- Status: Active
- Genre: Festivals
- Begins: 1992
- Location: Ikorodu Lagos State
- Country: Nigeria
- Founder: Asiwaju B. O. Benson

= Ikorodu Oga Festival =

The Ikorodu Oga Festival is an annual cultural celebration held in Ikorodu, a city located in Lagos State, Nigeria. The festival was founded in 1992 under the leadership of Asiwaju B. O. Benson (SAN), a significant event in the city's cultural calendar, showcasing the rich heritage and traditions of the Ikorodu people.
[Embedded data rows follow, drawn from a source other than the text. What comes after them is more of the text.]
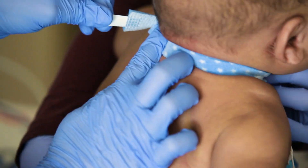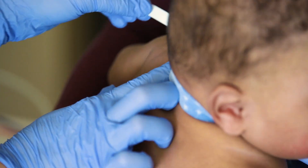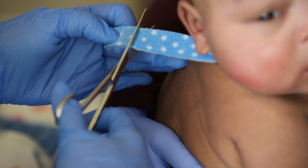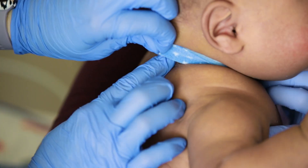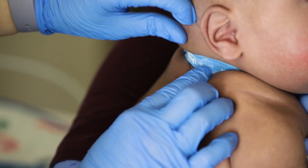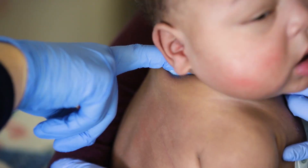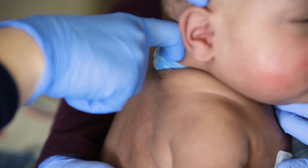Bring the two ends of the ties together at the back of your child's neck and measure the length. Trim any excess fabric away, then securely fasten the ties. It is important to check that the ties are tight and secure — make sure only one finger can fit between the ties and your child's neck.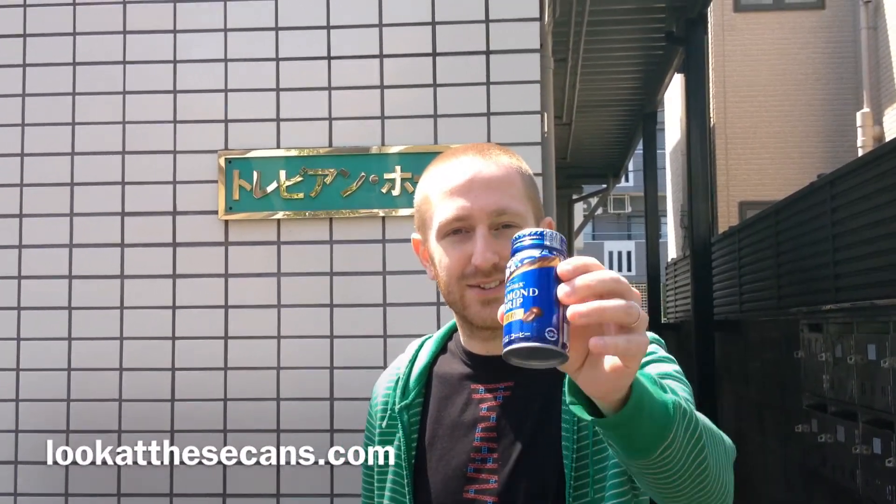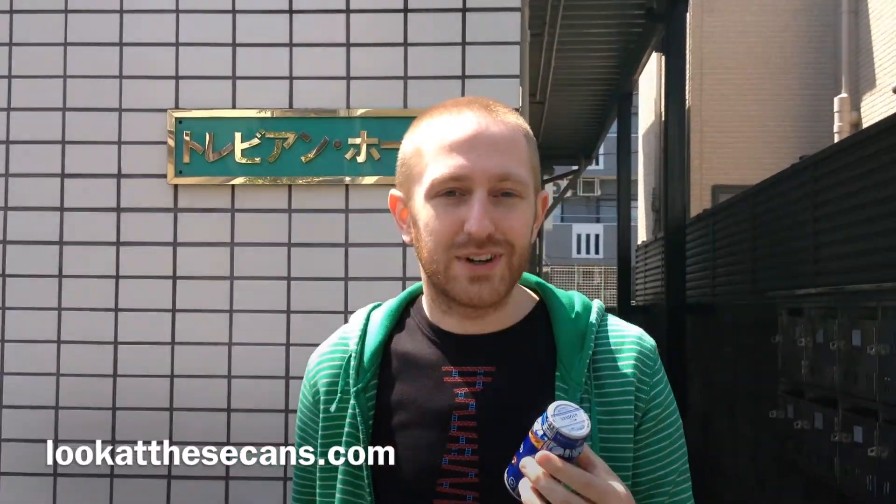Hi, today we're going to drink a Romax Diamond Drip. I'm pretty sure this is the same as the Espresso Blue that we had before, because it's a blue can and it still has the Bito Kanji, so it's low sugar. Recently they've been updating their design of their cans, so I think this is the same.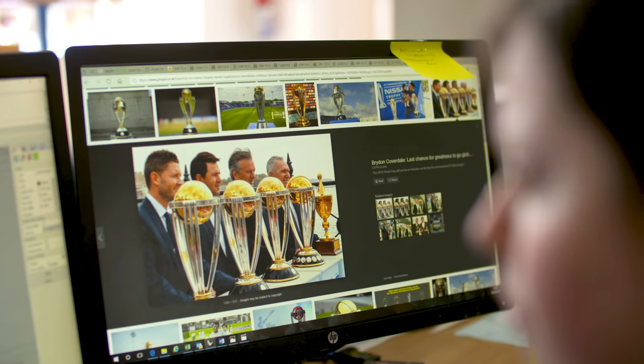My uncle always asks me every time I see him how I'm getting on, what am I up to this time. He loves his cricket, so he's really impressed.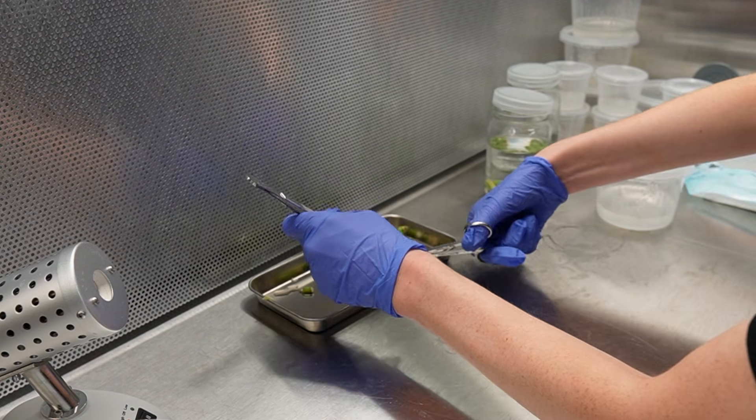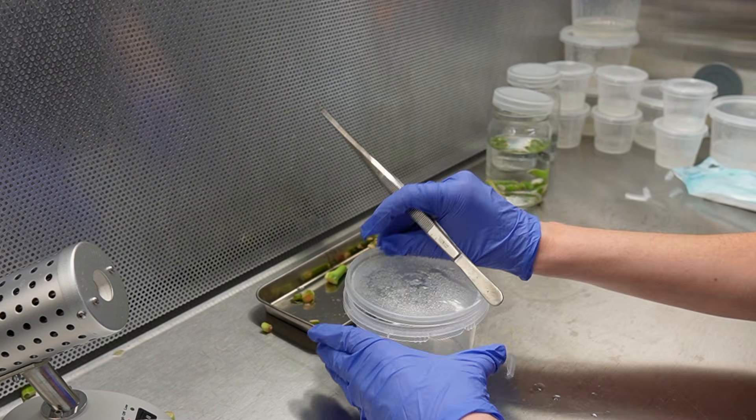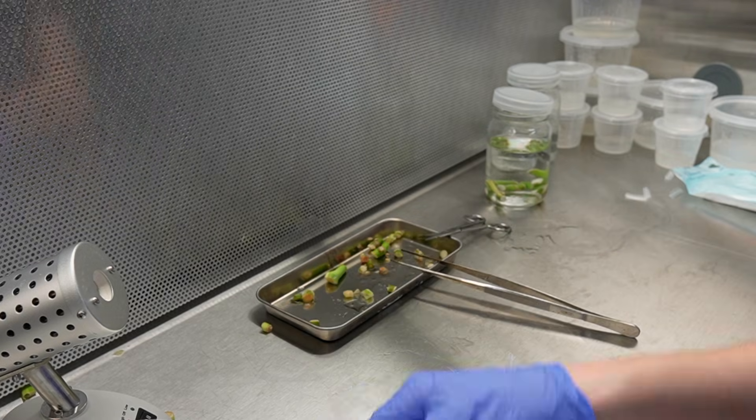I'm going to be improving the angles here. I didn't film the pseudolithos but I didn't do anything special to it — I just took it out of that water and plopped it straight into the media.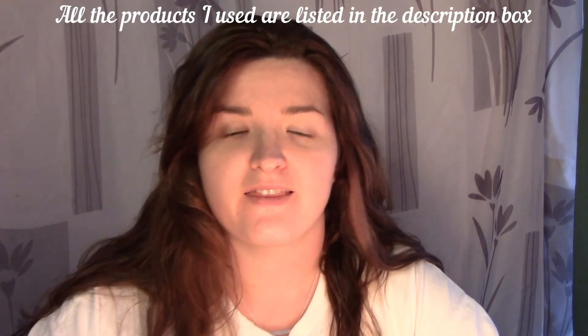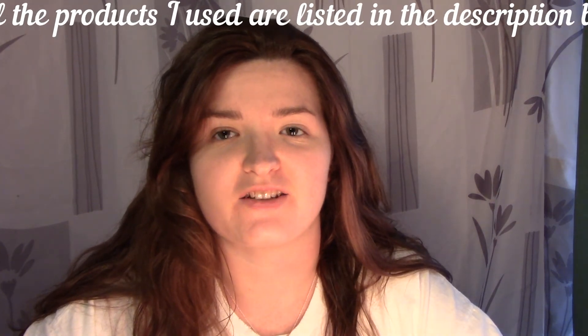And that is the final look, guys. That is my no makeup makeup look. Thank you guys so much for watching and I'll see you next time. Bye!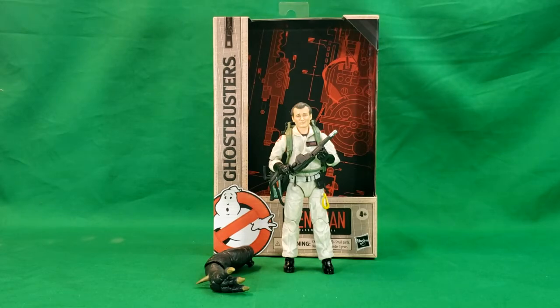Hey guys, welcome back to Comageddon TV, the only place on YouTube where all geek culture collides. I'm Shannon, and today on the show we're taking a look at the Hasbro Plasma Series Ghostbusters Peter Venkman.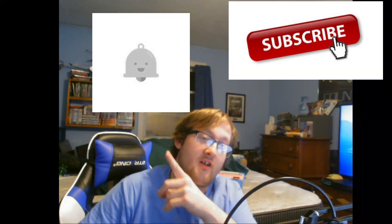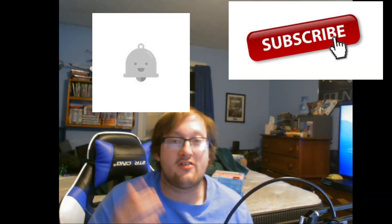Before we get any further, please click the like button — let's try to get at least 10 likes on this video. If you haven't already, hit the subscribe button and turn the bell on. Also follow me on Twitter and Facebook, links are down in the description.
Also, it is the most attended festival amongst the festivals in Ikorodu.

== History ==
The Ikorodu Oga Festival has its roots in the city's history, dating back to the 16th century when Ikorodu was a major trading center. The festival would kick off with Woro Carnival, followed by Oga Social Night. Other activities slated for the festival week include a complimentary medical check-up, a musical and drama fiesta, and Indigenous reunion day. These events will culminate in a grand finale on Saturday, November 19, to be held at the Ayangbure Palace Pavilion, marking the climax of the celebration.

== Celebrations ==
The Ikorodu Oga Festival is typically celebrated over a period of seven days, featuring a range of activities, including Traditional processions featuring traditional dancers, musicians, and masquerades. Cultural performances also include Music, dance, and drama performances showcasing the city's rich cultural heritage.

== Significance ==
The Ikorodu Oga Festival is significant for several reasons. particularly, cultural preservation, economic benefit, community building.